Below are entries. Give back exactly the lines from the one containing "Padelschläger 46,5cm schwarz" through the one containing "<p>Tibrina Hobson/Getty; Ron", inclusive, without the pictures.

───── MATERIAL TO PROCESS

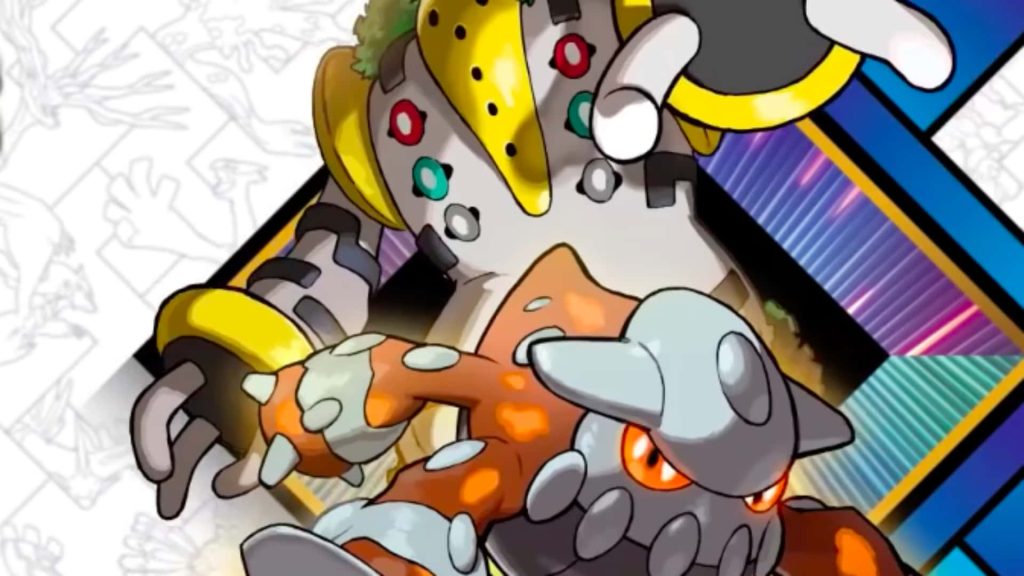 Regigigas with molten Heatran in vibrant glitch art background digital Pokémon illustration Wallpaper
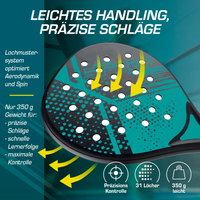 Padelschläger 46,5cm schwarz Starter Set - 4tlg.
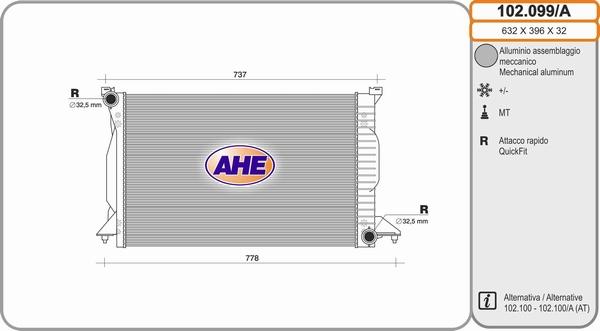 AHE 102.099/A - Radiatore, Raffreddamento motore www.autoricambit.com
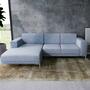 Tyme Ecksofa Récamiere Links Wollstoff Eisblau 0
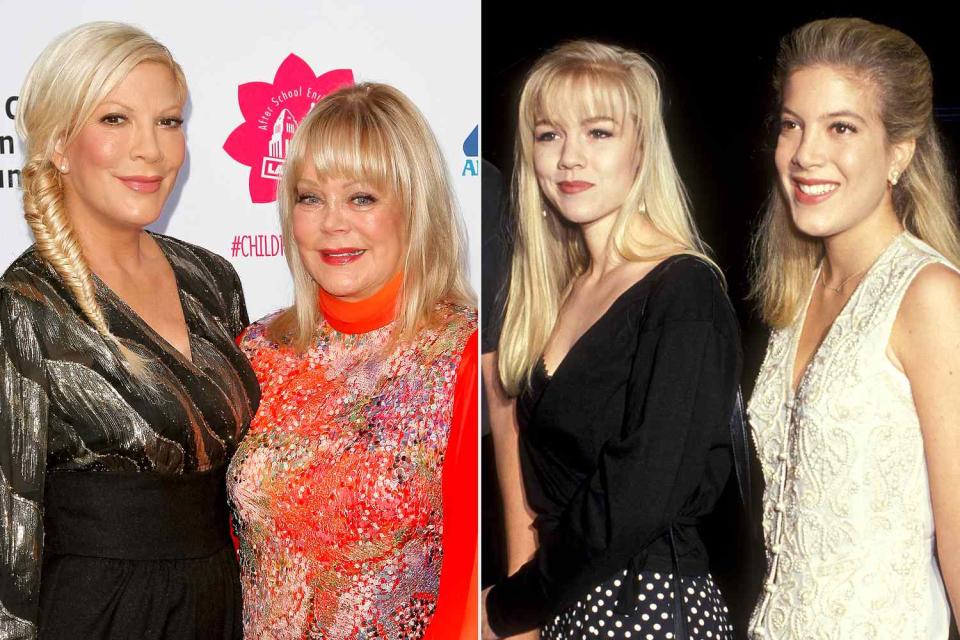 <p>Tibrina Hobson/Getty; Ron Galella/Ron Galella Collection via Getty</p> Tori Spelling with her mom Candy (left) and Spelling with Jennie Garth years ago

──────────
───── MATERIAL TO PROCESS

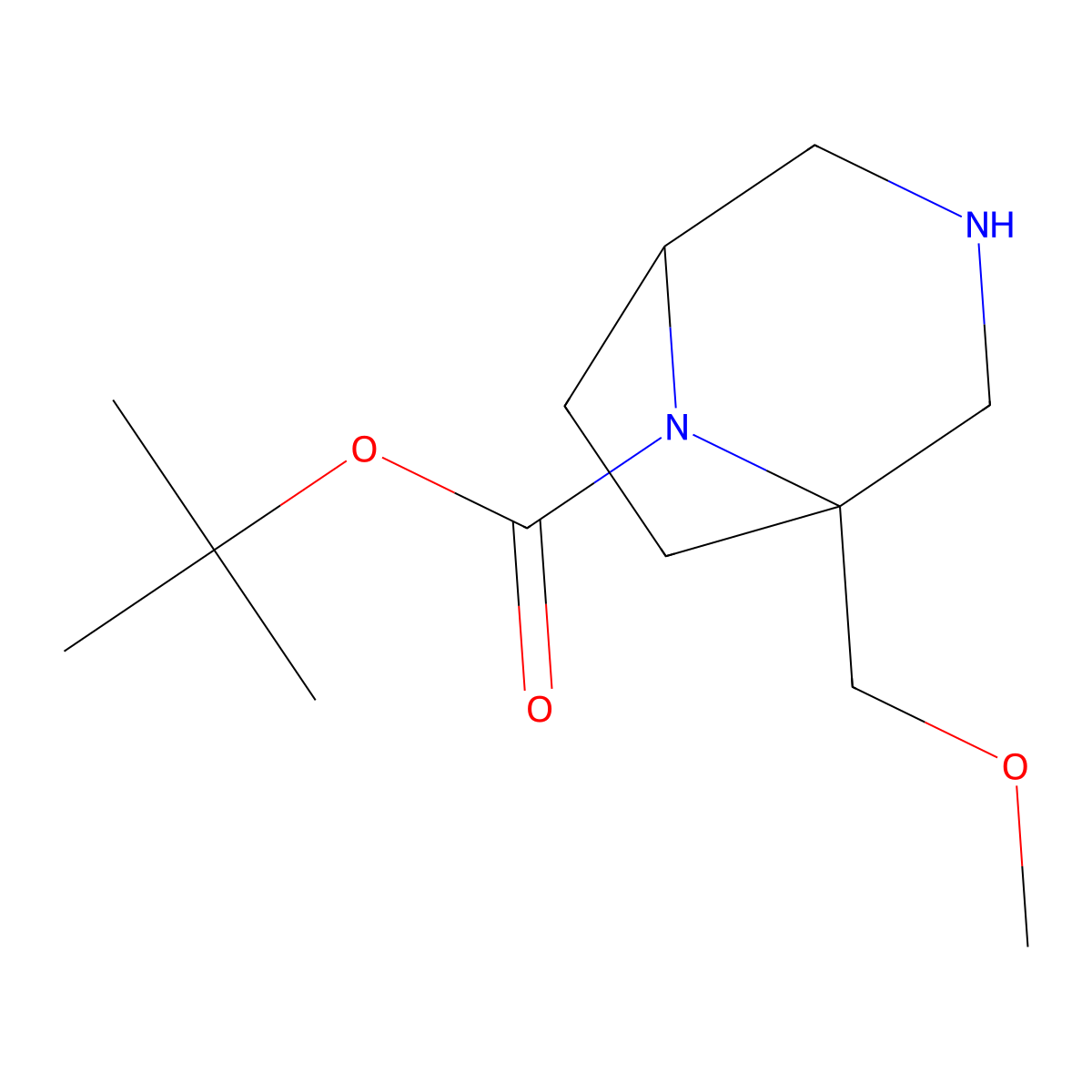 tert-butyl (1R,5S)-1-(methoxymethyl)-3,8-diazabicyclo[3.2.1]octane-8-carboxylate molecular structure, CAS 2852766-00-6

──────────

→ **YOUR RESPONSE**
 Padelschläger 46,5cm schwarz Starter Set - 4tlg.
 AHE 102.099/A - Radiatore, Raffreddamento motore www.autoricambit.com
 Tyme Ecksofa Récamiere Links Wollstoff Eisblau 0
 <p>Tibrina Hobson/Getty; Ron Galella/Ron Galella Collection via Getty</p> Tori Spelling with her mom Candy (left) and Spelling with Jennie Garth years ago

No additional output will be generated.